Caregivers: About Visitors
Caregivers: About VisitorsWhen someone hears that your loved one has a serious illness they ask if there is anything they can do. This of course is the right thing to say and some people say it for that precise reason. Others actually mean it and some will even expect an answer.
I found while caretaking Margaret, my wife of 20+ years, who was unexpectedly diagnosed with Stage Four Pancreatic Cancer, that only a few people will ask if they can visit. It is a generous and genuine request that can come with built-in challenges for all concerned.
My wife, like many others who face a life threatening illness, needed contact with those they love AND she needed downtime and rest. In the short three months we had together once we learned of the cancer, we found that socialization and the connection to a life that is as regular as possible were important. But they had to be balanced with rest so the body could fight the illness.
The night of Margaret’s diagnosis, we talked on the phones with friends and family about what we had learned. The next day people began calling to come by. At first, the visits were welcomed and Margaret was cheered by the company. Inevitably, after they left, she would remark that it was certainly nice that they took the time to come by. She was behaving as she always did, she would entertain people and present her social side as soon as someone stepped into the room. There was never any hint that she felt badly or that she was tired. As long as people went to the trouble to visit she believed she needed to do her best to welcome them.
As her caregiver I did my best to explain to these guests how Margaret was feeling and what her condition was like. The reason was simple: if I could answer some of their questions, then Margaret wouldn’t have to. Also, when dealing with a disease as insidious as pancreatic cancer, there is inherent discomfort with how people ask questions, and in turn, how those questions are answered.
Generally people wanted to catch up with Margaret, but sometimes there was an awkward quality to the conversation. Curious about her condition, they wouldn’t pry and yet they wanted her to know they cared. On one hand there was was genuine human caring and curiosity and a need to comfort a friend. On the other hand was a nagging feeling of being pushy.
In some cases, those who were uncertain would tell Margaret about their lives, rather than ask about hers. On some levels this may have struck Margaret as odd, but she never complained about the one sided nature of the visit.
As her caregiver, I struggled to a degree with visitors. I wanted Margaret to stay in touch and to be as connected as she possibly could to her life as she had known it. At the same time, I was also very defensive of her condition and wanted her to rest as much as possible.

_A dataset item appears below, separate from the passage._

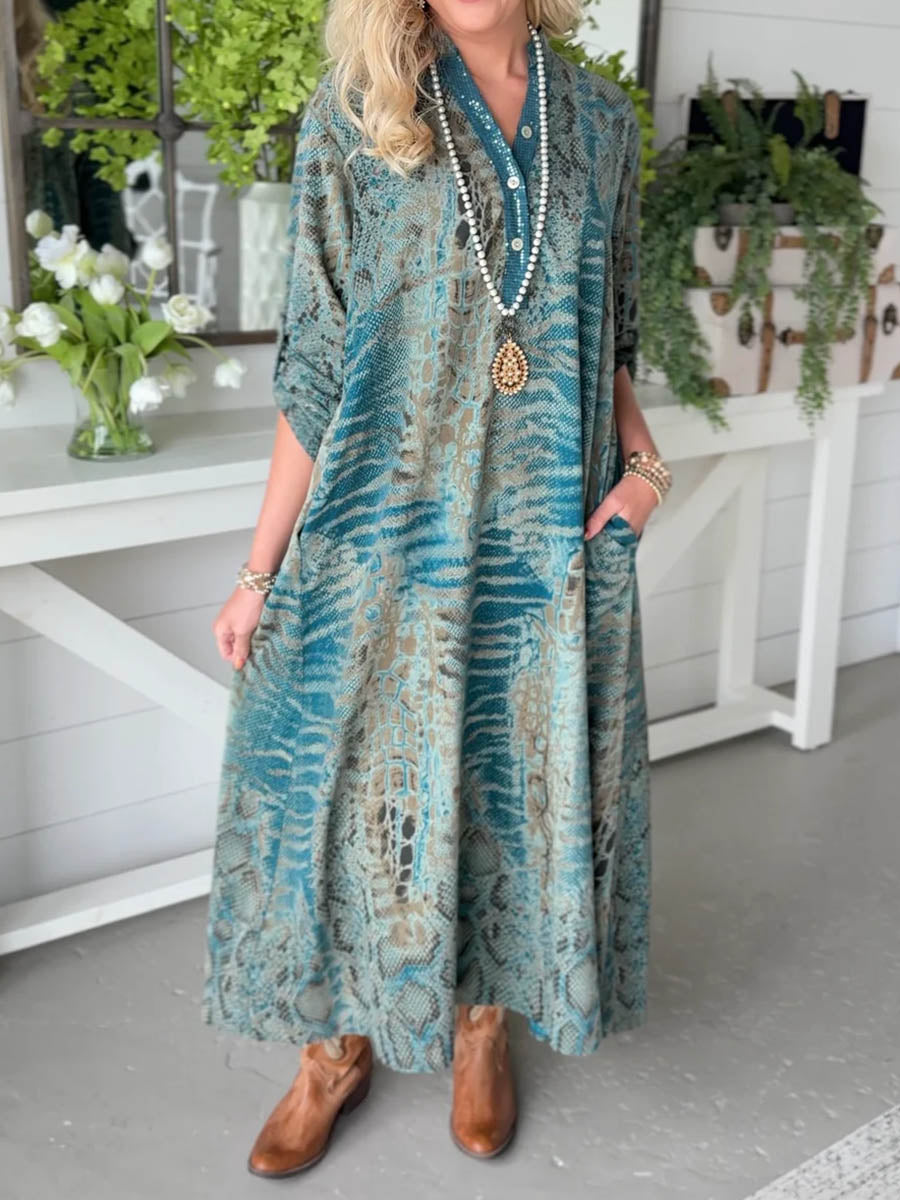 Women's Abstract Print V-Neck Long Sleeve Casual Loose A-Line Dress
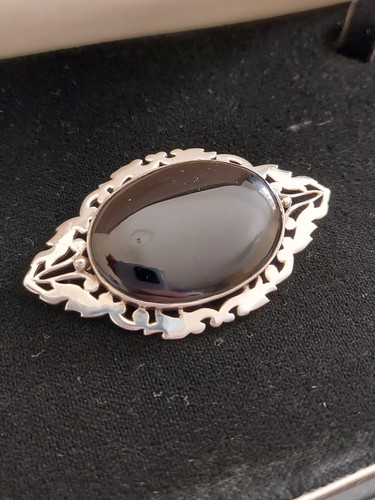 Vintage 50mm Solid Sterling Silver Black Onyx Mourning Brooch Gothic Jewellery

I, too, was looking for that elusive line between what would make her happy and what might tax her body.
I learned that it is important to set up clear ground rules for visits. Yes, let visitors know they are welcome to call and that their company and energy are valued. But it was essential to be honest. Some days a short phone conversation would be better. And, if your loved one is uncomfortable talking about something, clue her guests in.
Because we live in an information age, I found that that using email and online communication tools such as Caringbridge.com allowed me to keep everyone updated.
Staying in touch is important for all concerned. So, it’s important to find what will work best for you and your loved ones.